For one thing, the whole idea of having elected officials and law enforcement leaders who are “tough on crime” has definitely come into disfavor in some quarters, primarily on the left. We saw that idea on full display during the Democratic Primary when one of the chief knocks against Kamala Harris’ candidacy was her experience as a prosecutor and, later, District Attorney in California. She locked up a lot of criminals and was part of the process that drove crime rates down during that era. But in today’s partisan environment, too many on the left view her records a sign that she “locked up too many minorities,” without pausing to wonder if most (if not all) of them actually merited being incarcerated.

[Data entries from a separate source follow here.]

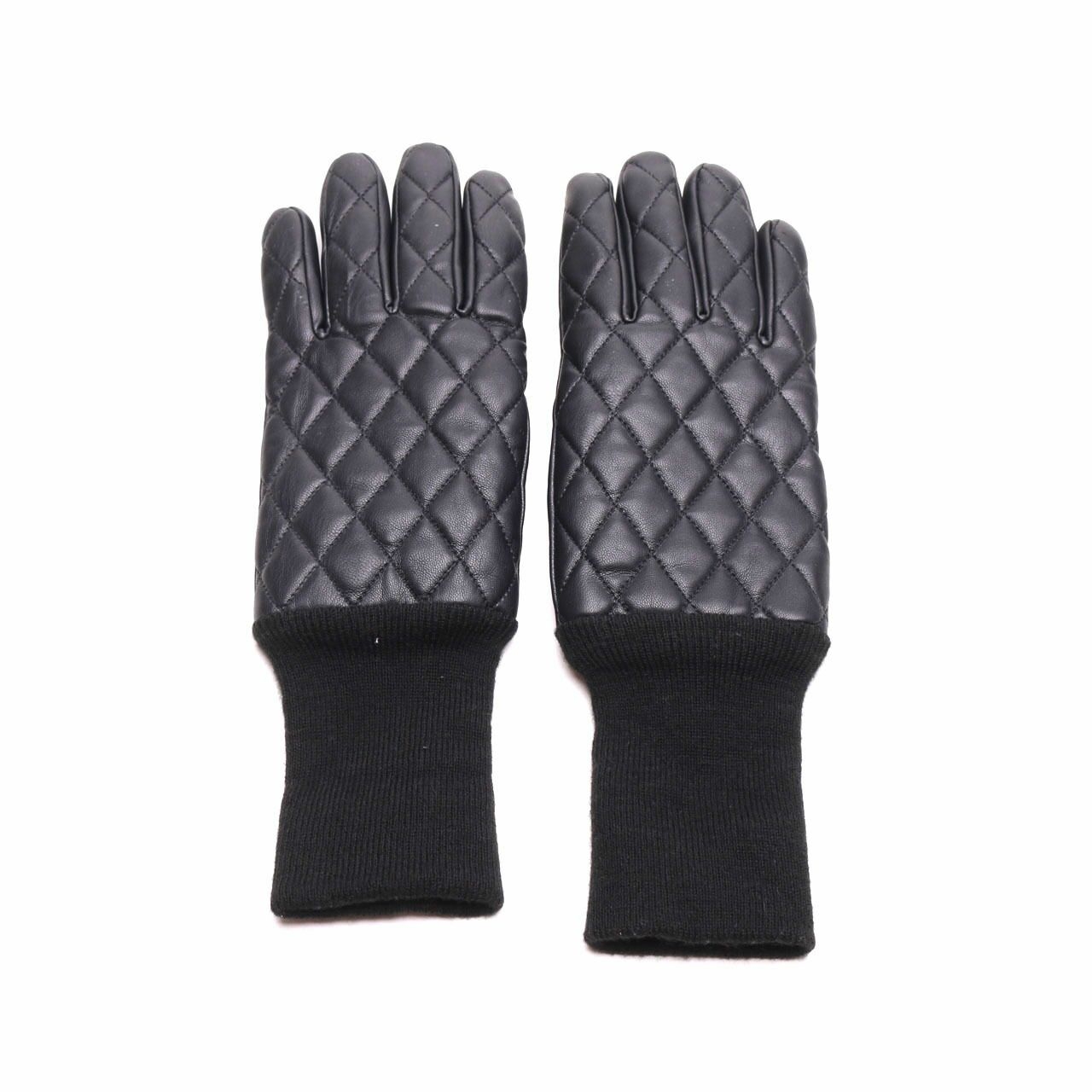 UNIQLO Black Gloves
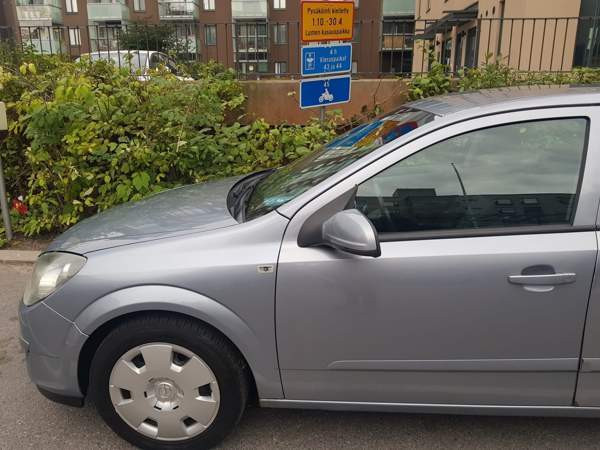 Opel Astra Jyväskylä - valokuva 2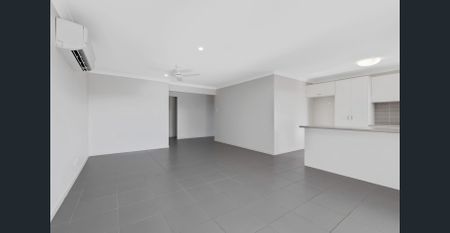 Tucked away in a quiet location of Blacks Beach - Photo 3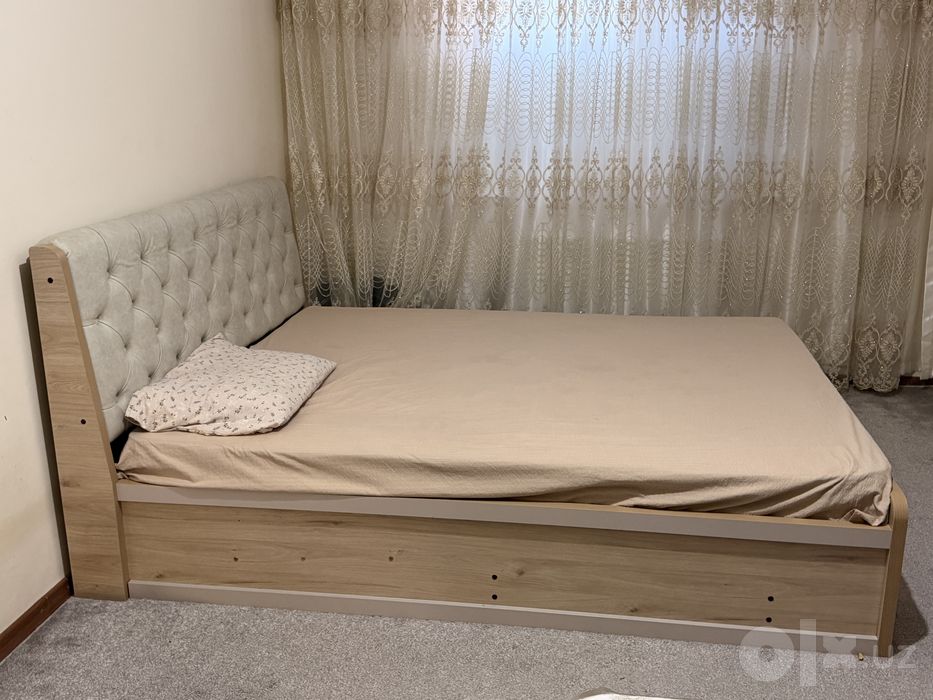 Кровать двухмесный сотилади янги.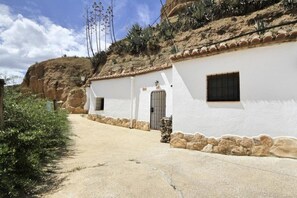 Exterior - Solano Gorafe Cave (Gorafe)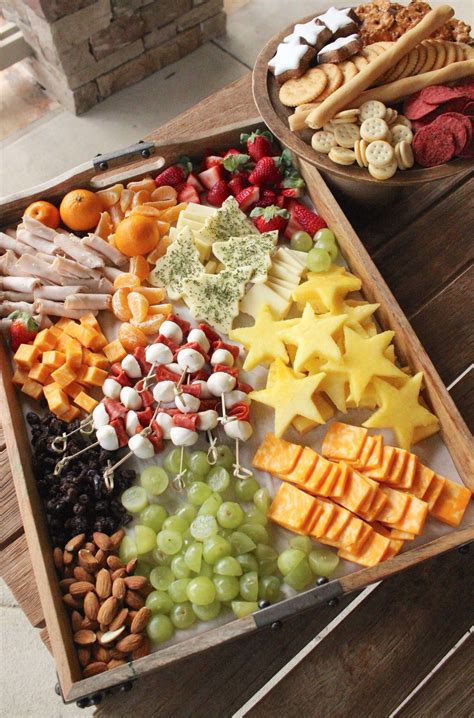 holiday Christmas cheese tray for kids | Party food appetizers, Holiday cheese platter ...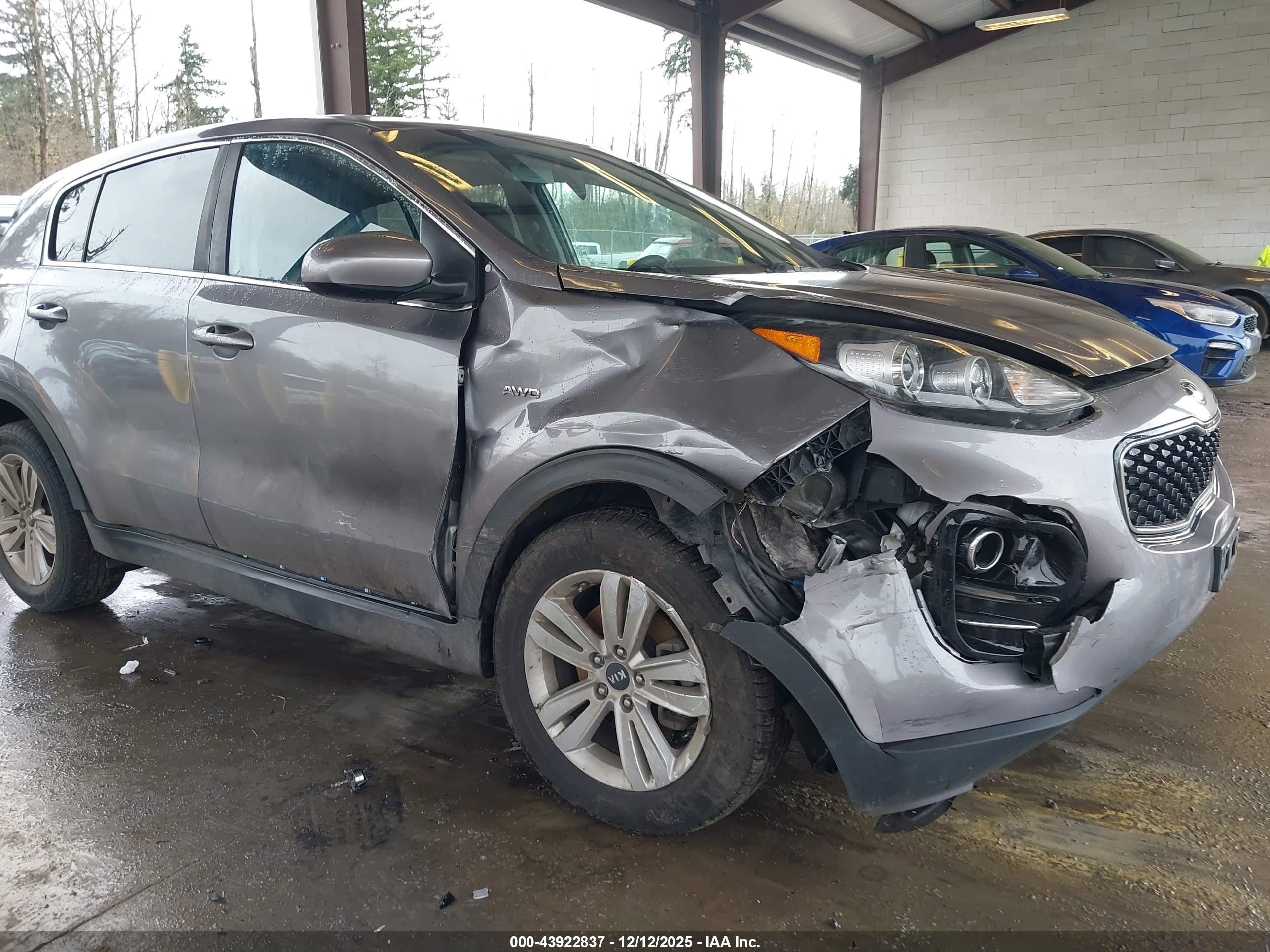 KIA SPORTAGE image 6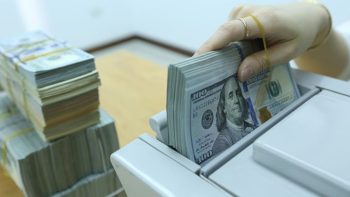 سعر صرف الدولار الأمريكي اليوم، 6 يوليو 2026: يحافظ على اتجاهه التصاعدي بينما يستمر الين الياباني في الانخفاض.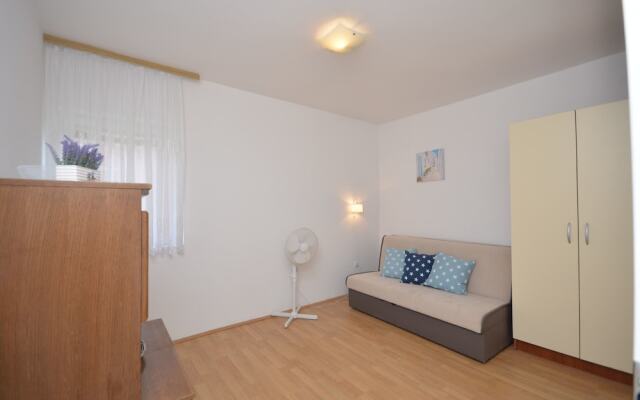 Apartments Tiho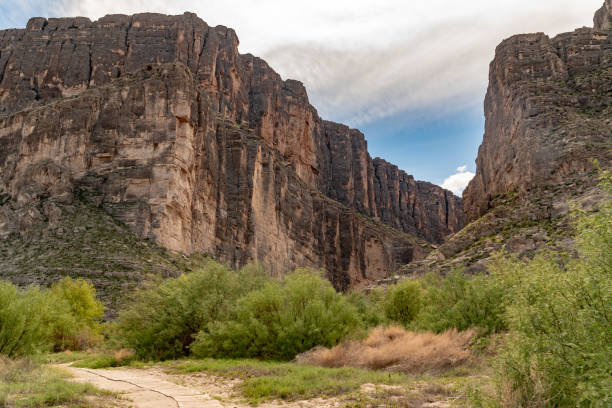 istock Trail to Santa Elena Canyon 1097979000
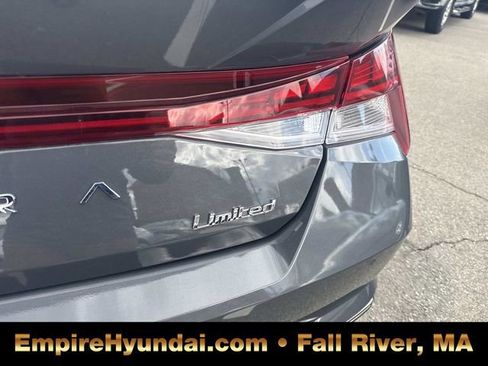 Used 2023 Hyundai Elantra Limited w/ Cargo Package image 5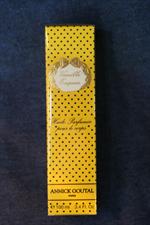 voir cet article : Annick Goutal Huile parfumée pour le corps Vanille Exquise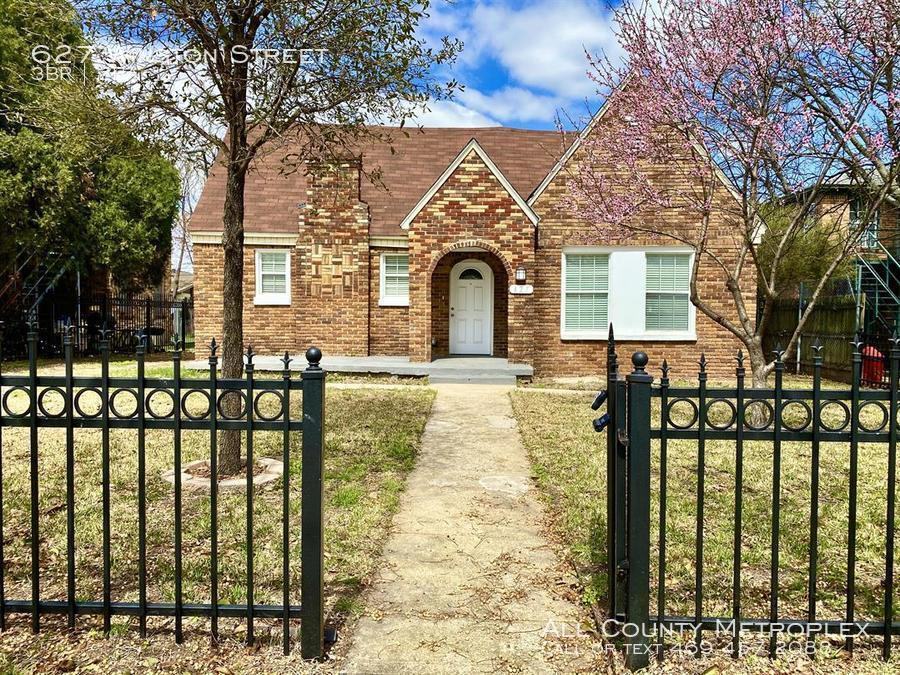 627 Winston St - Photo 2 of 15
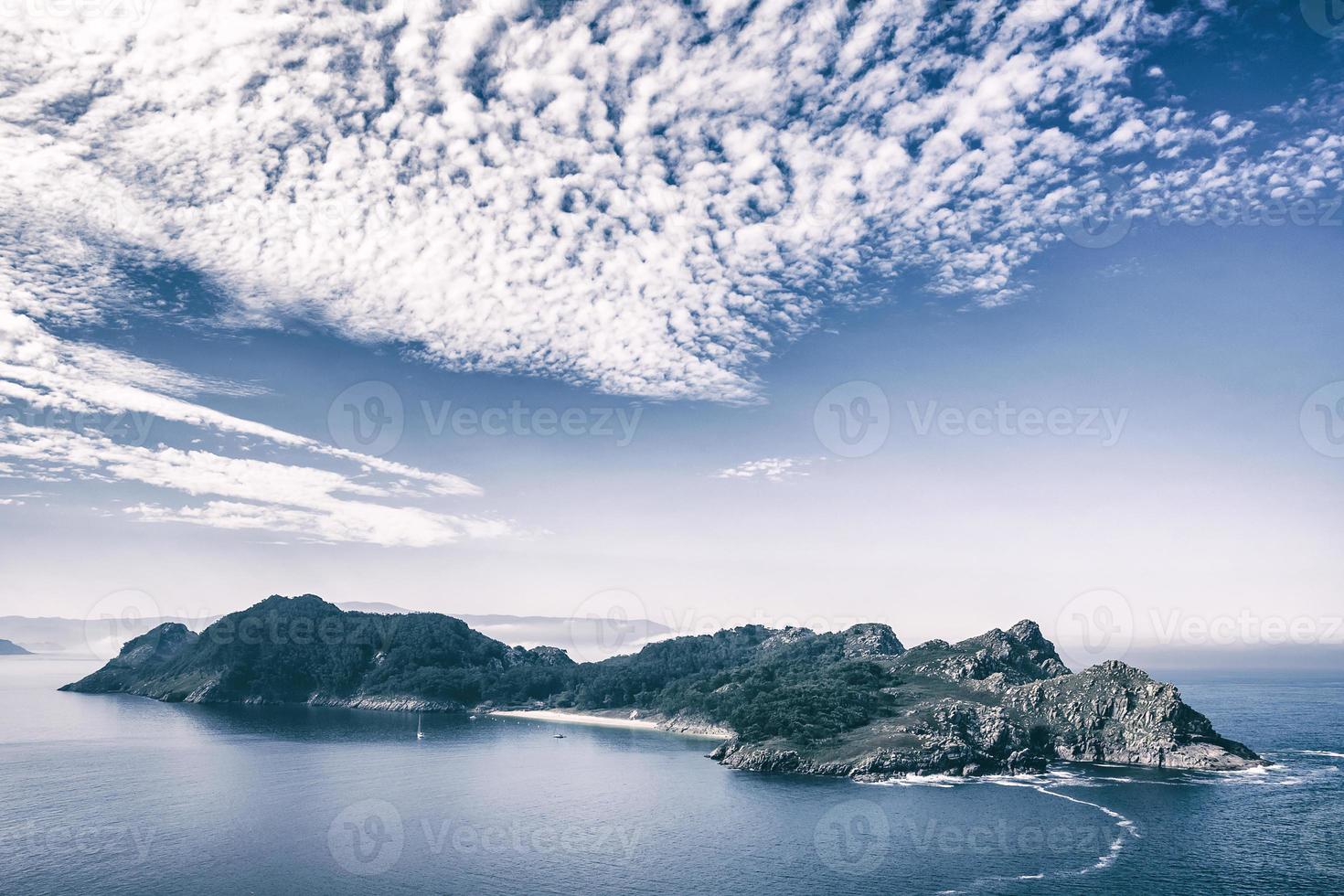 île vierge au milieu de l'océan photo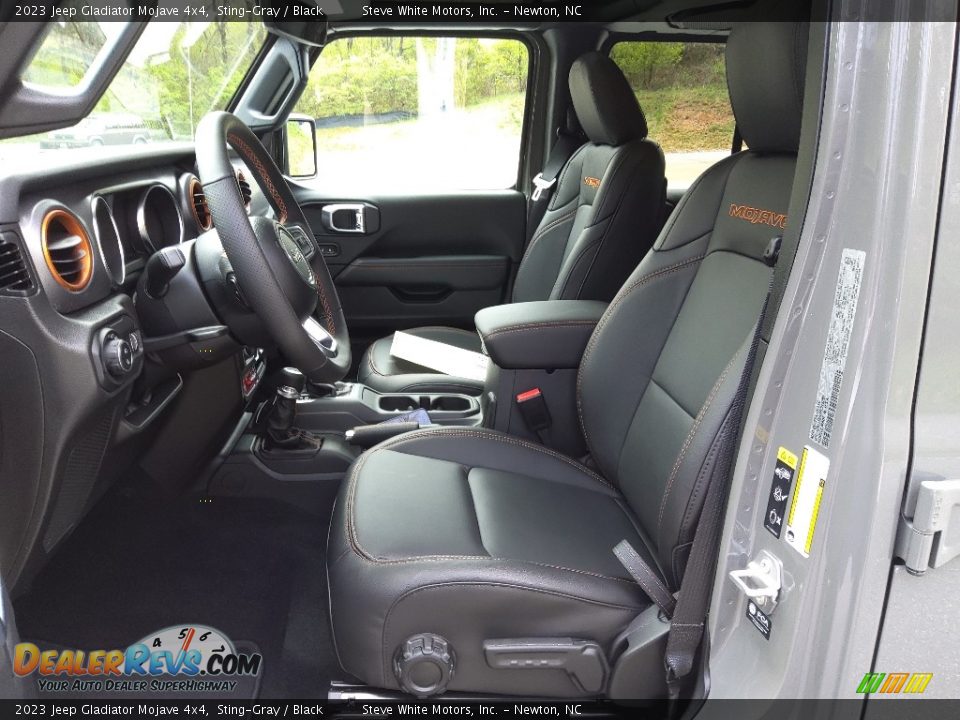 Front Seat of 2023 Jeep Gladiator Mojave 4x4 Photo #12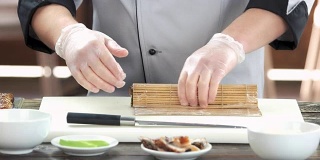 手工制作寿司，竹席。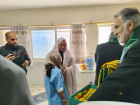 حضور خادمیاران رضوی در بیمارستان سجادیه تربت‌جام؛ پرچم حرم و هدایای متبرک مهمان بیماران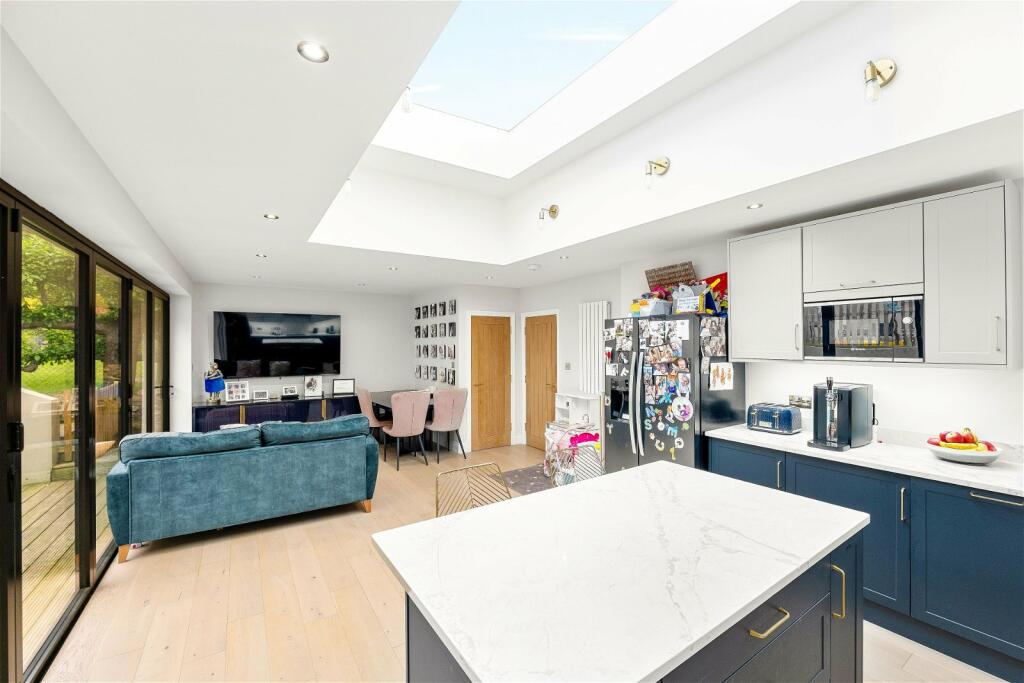 Additional image 8 of Caterham Drive, Coulsdon, CR5 1JQ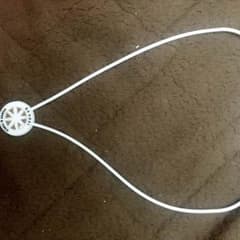 お買い得‼️バンデル 白×金色のサムネイル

At the same time, the public’s attitude toward the police, primarily in larger urban settings, has shifted dramatically. Not all that long ago, the law-abiding among us respected and admired law enforcement officers for keeping us safe and maintaining order. Criminals not only shied away from the police, but they actually feared them. (As they should in a functional society.) But today, we see far too many otherwise lawful “protesters” bashing the police right and left. And out on the streets, lawless individuals boldly berate or even physically assault cops who are out on patrol. Meanwhile, liberal municipal elected officials undercut their own police forces and institute soft-on-crime policies to fight a perceived “incarceration nation.”

What did we expect was going to happen under such conditions? The number of potential criminals never really decreased all that much. They were just waiting for conditions on the ground to be more favorable for the commission of crimes. And perhaps now their time has arrived.